● **To do**: Starting at the line that has "Let's check the" and stopping after the line that has "This is how", reproduce the listing below exactly; omit everything else.

● **Entries shown**:
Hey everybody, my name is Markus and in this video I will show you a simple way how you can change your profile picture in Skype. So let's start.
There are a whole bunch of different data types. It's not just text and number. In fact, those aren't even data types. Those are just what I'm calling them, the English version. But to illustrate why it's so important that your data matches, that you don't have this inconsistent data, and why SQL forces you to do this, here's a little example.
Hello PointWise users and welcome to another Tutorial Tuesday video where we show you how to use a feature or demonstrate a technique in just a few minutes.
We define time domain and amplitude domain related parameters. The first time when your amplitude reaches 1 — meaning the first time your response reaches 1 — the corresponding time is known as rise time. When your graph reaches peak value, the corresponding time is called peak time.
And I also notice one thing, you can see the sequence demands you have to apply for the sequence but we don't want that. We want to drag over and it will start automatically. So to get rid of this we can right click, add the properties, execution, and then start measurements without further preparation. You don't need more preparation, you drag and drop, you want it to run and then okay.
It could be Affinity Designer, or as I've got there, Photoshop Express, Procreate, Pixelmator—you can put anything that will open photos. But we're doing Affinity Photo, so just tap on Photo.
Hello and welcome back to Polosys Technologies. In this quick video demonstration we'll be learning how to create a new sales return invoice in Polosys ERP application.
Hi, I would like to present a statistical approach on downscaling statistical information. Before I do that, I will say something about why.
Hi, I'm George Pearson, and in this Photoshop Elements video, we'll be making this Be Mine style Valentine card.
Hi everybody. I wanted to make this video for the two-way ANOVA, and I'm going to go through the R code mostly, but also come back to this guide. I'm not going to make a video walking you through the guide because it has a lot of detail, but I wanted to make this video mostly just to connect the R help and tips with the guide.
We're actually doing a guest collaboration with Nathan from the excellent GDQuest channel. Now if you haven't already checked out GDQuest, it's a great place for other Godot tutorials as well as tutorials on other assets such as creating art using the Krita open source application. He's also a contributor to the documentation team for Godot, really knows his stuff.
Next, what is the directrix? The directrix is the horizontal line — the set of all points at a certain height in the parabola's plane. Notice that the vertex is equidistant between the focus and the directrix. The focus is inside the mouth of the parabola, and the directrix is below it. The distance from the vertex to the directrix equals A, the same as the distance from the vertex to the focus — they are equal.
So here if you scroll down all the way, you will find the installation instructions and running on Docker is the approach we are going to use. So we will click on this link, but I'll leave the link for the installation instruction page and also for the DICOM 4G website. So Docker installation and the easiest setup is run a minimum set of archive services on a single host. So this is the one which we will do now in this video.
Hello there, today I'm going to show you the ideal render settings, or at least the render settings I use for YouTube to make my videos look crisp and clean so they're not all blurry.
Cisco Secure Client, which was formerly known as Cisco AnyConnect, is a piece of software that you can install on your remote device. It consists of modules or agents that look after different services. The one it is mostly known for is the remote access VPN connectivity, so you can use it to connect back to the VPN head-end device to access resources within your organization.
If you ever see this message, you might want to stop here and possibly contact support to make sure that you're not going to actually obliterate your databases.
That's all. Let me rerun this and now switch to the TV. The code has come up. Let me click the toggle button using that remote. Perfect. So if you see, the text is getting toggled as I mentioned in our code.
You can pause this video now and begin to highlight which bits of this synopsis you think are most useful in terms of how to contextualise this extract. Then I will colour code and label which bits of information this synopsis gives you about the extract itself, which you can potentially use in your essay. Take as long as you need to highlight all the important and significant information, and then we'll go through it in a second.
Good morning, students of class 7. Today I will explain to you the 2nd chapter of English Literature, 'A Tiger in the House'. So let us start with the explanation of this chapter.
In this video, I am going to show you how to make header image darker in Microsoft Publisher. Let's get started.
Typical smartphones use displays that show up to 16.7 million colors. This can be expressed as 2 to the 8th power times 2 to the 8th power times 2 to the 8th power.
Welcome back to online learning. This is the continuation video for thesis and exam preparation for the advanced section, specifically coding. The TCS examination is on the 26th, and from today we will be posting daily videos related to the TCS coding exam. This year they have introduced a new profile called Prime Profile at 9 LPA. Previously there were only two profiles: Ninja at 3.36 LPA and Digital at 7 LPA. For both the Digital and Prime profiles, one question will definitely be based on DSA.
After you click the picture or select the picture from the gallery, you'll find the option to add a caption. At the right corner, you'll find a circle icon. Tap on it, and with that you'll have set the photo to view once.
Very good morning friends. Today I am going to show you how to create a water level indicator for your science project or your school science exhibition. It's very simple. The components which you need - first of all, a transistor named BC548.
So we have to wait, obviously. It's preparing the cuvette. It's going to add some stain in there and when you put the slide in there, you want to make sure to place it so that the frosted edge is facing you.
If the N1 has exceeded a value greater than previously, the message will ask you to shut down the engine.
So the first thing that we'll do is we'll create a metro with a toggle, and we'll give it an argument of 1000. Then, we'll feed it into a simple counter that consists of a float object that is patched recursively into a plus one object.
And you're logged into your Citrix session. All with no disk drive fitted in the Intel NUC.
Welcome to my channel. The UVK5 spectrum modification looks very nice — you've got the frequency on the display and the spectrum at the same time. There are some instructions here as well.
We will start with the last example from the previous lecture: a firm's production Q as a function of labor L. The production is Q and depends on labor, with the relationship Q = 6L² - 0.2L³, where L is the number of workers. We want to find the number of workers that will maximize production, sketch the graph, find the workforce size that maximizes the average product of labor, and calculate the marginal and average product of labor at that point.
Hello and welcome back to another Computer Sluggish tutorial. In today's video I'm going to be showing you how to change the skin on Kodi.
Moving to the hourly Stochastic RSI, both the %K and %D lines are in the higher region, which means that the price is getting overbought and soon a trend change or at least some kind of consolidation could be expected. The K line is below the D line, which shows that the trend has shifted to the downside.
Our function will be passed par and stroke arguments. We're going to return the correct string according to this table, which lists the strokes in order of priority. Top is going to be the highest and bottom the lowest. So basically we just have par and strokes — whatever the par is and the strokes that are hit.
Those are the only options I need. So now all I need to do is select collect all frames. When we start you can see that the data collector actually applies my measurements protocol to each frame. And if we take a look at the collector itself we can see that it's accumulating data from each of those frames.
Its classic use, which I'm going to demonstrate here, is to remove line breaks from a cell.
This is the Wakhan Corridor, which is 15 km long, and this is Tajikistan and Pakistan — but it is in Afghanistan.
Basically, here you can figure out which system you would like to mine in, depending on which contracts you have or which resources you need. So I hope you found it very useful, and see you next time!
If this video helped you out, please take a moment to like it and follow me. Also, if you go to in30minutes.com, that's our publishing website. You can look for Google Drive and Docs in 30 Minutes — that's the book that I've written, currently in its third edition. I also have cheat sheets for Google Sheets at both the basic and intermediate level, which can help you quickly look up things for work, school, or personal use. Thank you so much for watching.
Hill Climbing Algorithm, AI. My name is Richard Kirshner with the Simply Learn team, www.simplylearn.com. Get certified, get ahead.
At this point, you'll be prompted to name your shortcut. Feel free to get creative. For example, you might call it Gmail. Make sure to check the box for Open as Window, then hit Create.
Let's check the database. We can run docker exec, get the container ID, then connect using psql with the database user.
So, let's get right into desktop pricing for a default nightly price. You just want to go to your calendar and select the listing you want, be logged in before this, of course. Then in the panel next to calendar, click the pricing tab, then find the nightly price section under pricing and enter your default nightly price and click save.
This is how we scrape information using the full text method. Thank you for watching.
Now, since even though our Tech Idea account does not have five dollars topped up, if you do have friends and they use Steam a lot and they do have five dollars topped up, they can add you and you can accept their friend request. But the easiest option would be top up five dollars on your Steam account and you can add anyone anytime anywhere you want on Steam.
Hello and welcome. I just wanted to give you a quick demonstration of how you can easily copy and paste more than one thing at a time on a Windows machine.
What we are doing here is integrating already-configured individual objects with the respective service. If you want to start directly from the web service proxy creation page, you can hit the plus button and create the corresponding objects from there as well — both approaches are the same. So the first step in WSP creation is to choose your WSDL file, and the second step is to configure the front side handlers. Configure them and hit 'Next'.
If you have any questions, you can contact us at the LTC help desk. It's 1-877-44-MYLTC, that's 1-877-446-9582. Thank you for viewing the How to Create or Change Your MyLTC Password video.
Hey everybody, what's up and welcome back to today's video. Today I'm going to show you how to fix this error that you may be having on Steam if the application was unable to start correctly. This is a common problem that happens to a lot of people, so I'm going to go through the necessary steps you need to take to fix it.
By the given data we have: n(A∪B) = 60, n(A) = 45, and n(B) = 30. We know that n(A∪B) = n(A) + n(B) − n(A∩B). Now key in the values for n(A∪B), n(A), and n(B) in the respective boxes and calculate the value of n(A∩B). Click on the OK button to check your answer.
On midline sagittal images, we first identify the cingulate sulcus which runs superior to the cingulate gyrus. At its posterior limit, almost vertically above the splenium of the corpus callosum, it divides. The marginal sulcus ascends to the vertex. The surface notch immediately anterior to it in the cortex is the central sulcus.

● **Reply to the task**:
Let's check the database. We can run docker exec, get the container ID, then connect using psql with the database user.
So, let's get right into desktop pricing for a default nightly price. You just want to go to your calendar and select the listing you want, be logged in before this, of course. Then in the panel next to calendar, click the pricing tab, then find the nightly price section under pricing and enter your default nightly price and click save.
This is how we scrape information using the full text method. Thank you for watching.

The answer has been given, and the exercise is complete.